Realizing the AI Opportunity within the Bank’s Back Office
Tom McBride | Senior Vice President, Group Executive North America Banking Solutions, FIS
October 23, 2019
Tremendous opportunity exists to automate the activities and workflows within a financial institution’s back office. Many processes are filled with repetitive, routine and clerical tasks and often have many individuals processing a single customer request.
This high degree of manual processing is slow and costly and can lead to inconsistent results and high error rates. Artificial intelligence (AI) offers solutions that can rescue these back-office procedures from needless expense and errors.
Aite defines AI as the use of computing technology to emulate human cognition and learning with magnitudes of speed, scope, scale, accuracy and objectivity that are unattainable by human beings. Importantly, “AI technology” is, in fact, the umbrella term for many underlying techniques that can be used to emulate human cognitive behavior.
Improving the customer experience, a top issue of bank CEOs, depends on a speedy, error-free back office. Financial institutions are beginning to understand the impact AI can have on both customer-facing and operational activity.
A survey from Business Insider Intelligence indicates global finance firms include these in their top priorities for AI investments:
Given finance firms’ top priorities, how can bank executives move forward with transformative AI initiatives? As a first step, they must take a hard look at current environments and assess current back-office business processes. Second, they need to address any issues on the quality of the data feeding any AI systems. With those bases covered, the bank should proceed with select AI technology pilots in specific back-office areas that will receive the maximum benefit from automation.
Assess your current environment
When reviewing business processes, financial institutions can often benefit from an outside eye to help them thoroughly examine the current processes and workflows in the operating units and their use of existing technology (and possibly AI that may be appropriate for process improvement).
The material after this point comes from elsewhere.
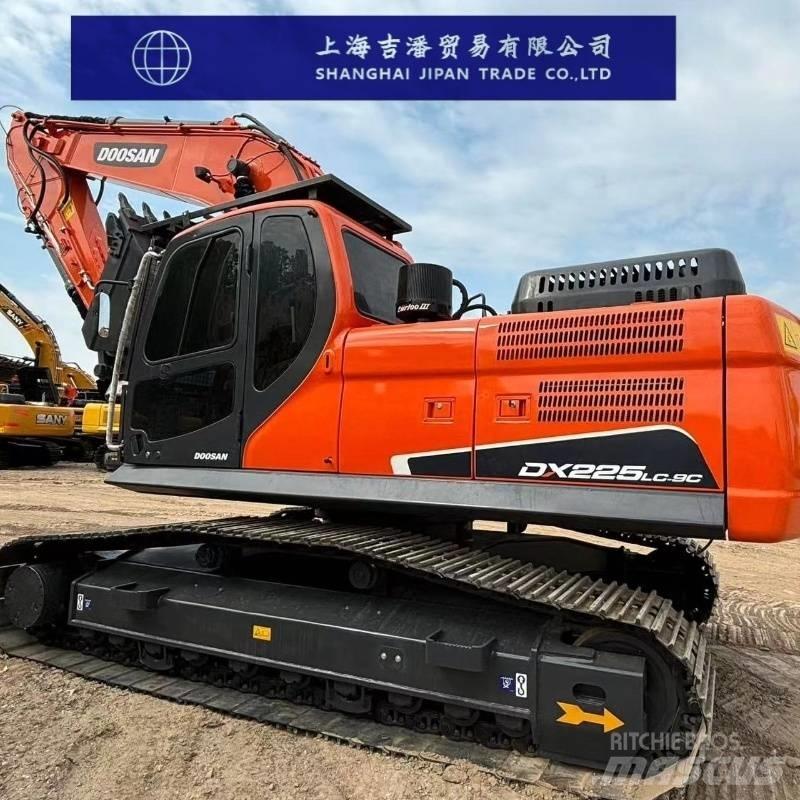 Doosan DX 225 Pelle sur chenilles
In this assessment, four questions must be addressed:
- Does the process add value to the product or service being offered to the bank’s customers and the revenues it is expected to produce?
- Does the process take advantage of any technology – instead of relying on manual and sometimes redundant processes?
- Is any recommended change cost-effective, in terms of its value to the product or service?
- Is the process necessary for the product or service as well as the safety and soundness of the bank?
Overcome data challenges
One of the biggest hurdles to adopting AI technology is having a data environment that's not ready for it. A prediction or pattern recognition engine that is applied to out-of-date information, for example, could lead to disastrous consequences: an investor being given bad advice, a borrower being approved for a loan who clearly shouldn’t be. Again, an outside eye can assist to help understand any data quality issues and then help the bank resolve them. This team can take the following actions to address data quality issues:
- Review any regulatory requests for data issues
- Review third-party relationships
- Establish a consistent data quality methodology
- Consider data cleansing technology
- Create processes to sustain data quality standards
Look for AI pilot opportunities
Armed with timely data and ideas on the business processes your bank can automate, you can now seek out an optimal AI pilot to further lay out your business case for this new automation.
The beauty of AI is that it supports data-driven decision-making over time, across an organization. It has the best impact when it is developed and deployed using cross-functional applications, as opposed to solving small challenges.
Look for AI pilot opportunities in these areas of your operations:
- Responses to customer service inquiries
- Customer-compliant logs in the new account opening and exceptions areas
- Management reporting of long-term bank issues
- Lending operations from origination to servicing
As AI systems gain traction, the question no longer is whether your bank will adopt the technology, but how you can maximize operational performance over the long term.